The Rugby Football Union has responded to a seven-figure hike in overheads because of inflation by further increasing ticket prices for the Six Nations next year, the Guardian understands.

It was determined this year that prices for the 2022-23 season would rise roughly in line with inflation at the time, but given surging energy prices and the rise in supplier costs such as hotels, travel and matchday staff the RFU has opted to add another increase of £5 for England’s home fixtures against Scotland and France and a £2 rise for the Italy fixture.

The decision was taken too late to alter prices for England’s four autumn fixtures, where some tickets for the blockbuster fixture against New Zealand cost £179, but has been made for the Six Nations next year in the hope of bringing in a further £800,000 to partially mitigate against the increased costs.

As the cost of living crisis takes hold, the RFU has not yet sold out the autumn fixtures against Argentina on Sunday or Japan on Saturday week but marquee matches against the All Blacks – which will be only their second visit to Twickenham since 2014 – could sell out multiple times over and are worth more than £10m to the union.

The RFU chief executive, Bill Sweeney, recently described Six Nations matches and the autumn internationals – as well as Twickenham’s revamped £80m East Stand which has four hospitality restaurants and can cater for up to 4,500 supporters – as “our cash cow”.

Even before the decision to increase Six Nations prices, the proposed initial £5 rise meant more than two-thirds of tickets would cost more than £100. There is an acknowledgement within the union that rising prices would affect demand but that it would not result in a drop in attendances.

The RFU is expected to release its latest annual report in the coming weeks but last year’s revealed the full financial impact of the pandemic with the union announcing a revenue shortfall of £120m compared to previous forecasts.

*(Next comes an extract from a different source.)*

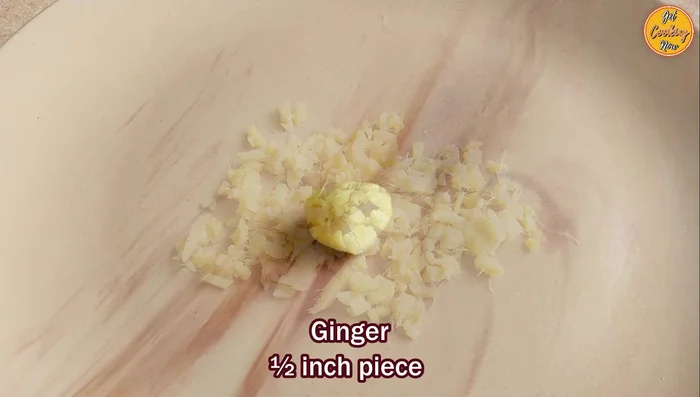 Prepare ingredients: Finely chop onions, ginger, garlic, and green chilies. Prepare curry leaves and coriander leaves. Peel and cube the boiled potatoes.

The RFU also revealed an underlying loss to reserves of £21.3m – around £30m worse than pre-pandemic forecasts.

Autumn Nations Series organisers, meanwhile, have been left red-faced after it emerged official merchandise was carrying the outline of the US state of Georgia, rather than the country competing in the November fixtures. “The design error was quickly identified, and all marketing and promotional material, including merchandise, has been corrected and reissued to all parties,” a spokesperson said.